▶ _What is needed_
Leaving out every picture, quote the data below exactly as it appears.

▶ _Input data_
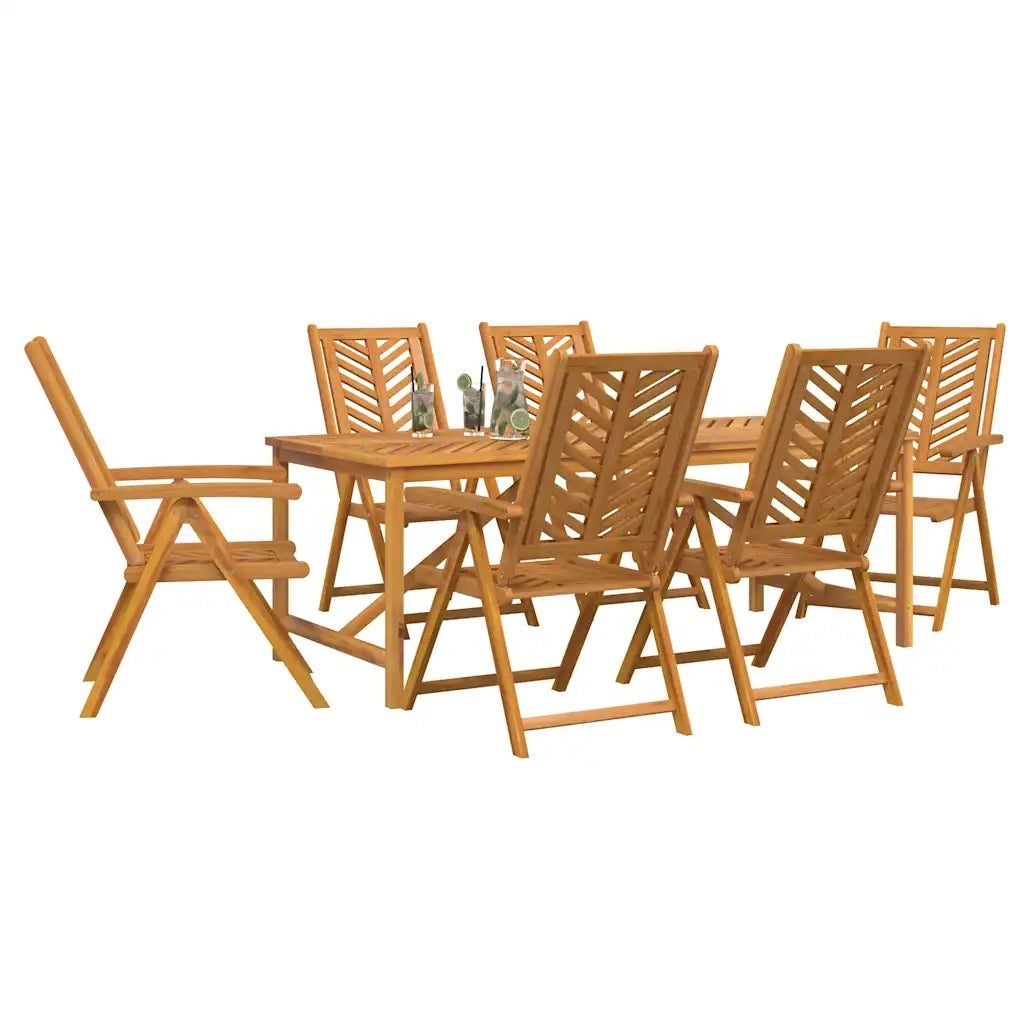 Set da Pranzo per Giardino 7 pcs Marrone 3154125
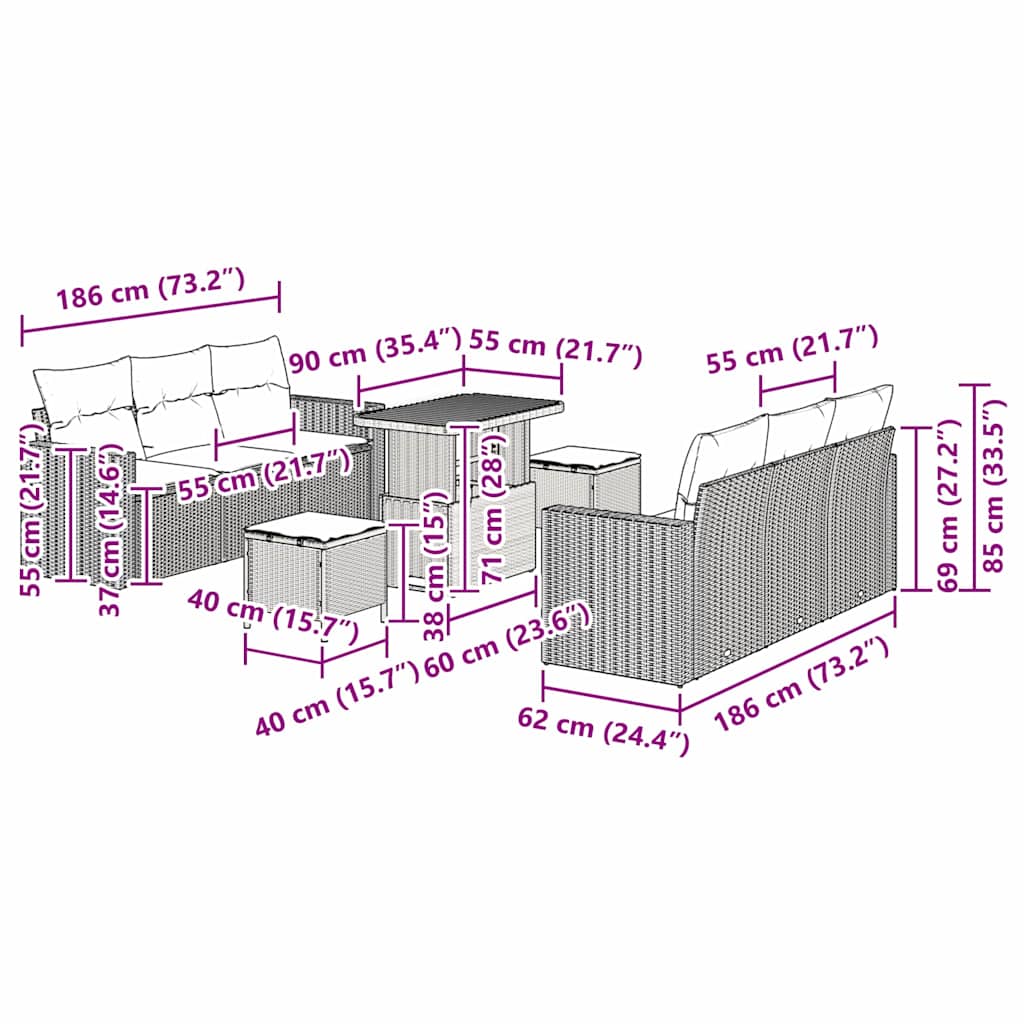 Havesofa Sæt 9 pcs Beige polyrattan
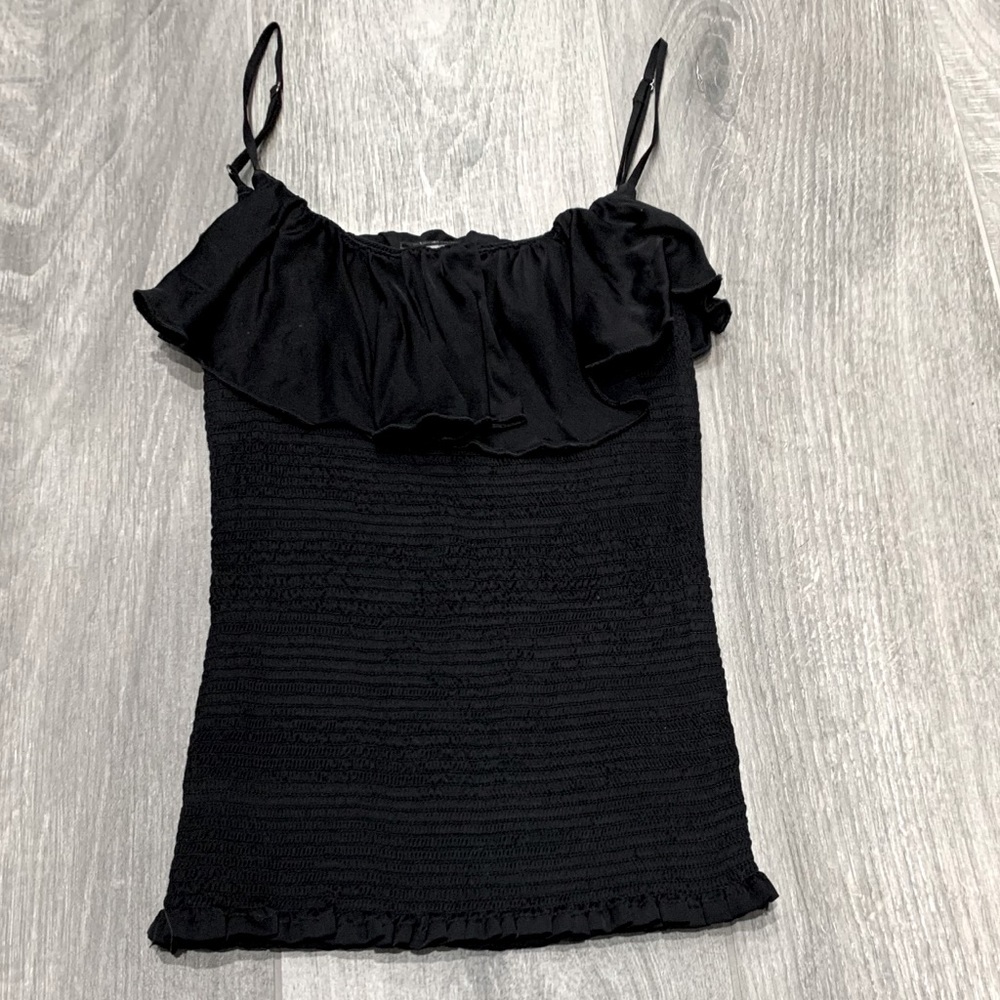 Chaser black ruffle tank- S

▶ _Exercise output_
 Set da Pranzo per Giardino 7 pcs Marrone 3154125
 Havesofa Sæt 9 pcs Beige polyrattan
 Chaser black ruffle tank- S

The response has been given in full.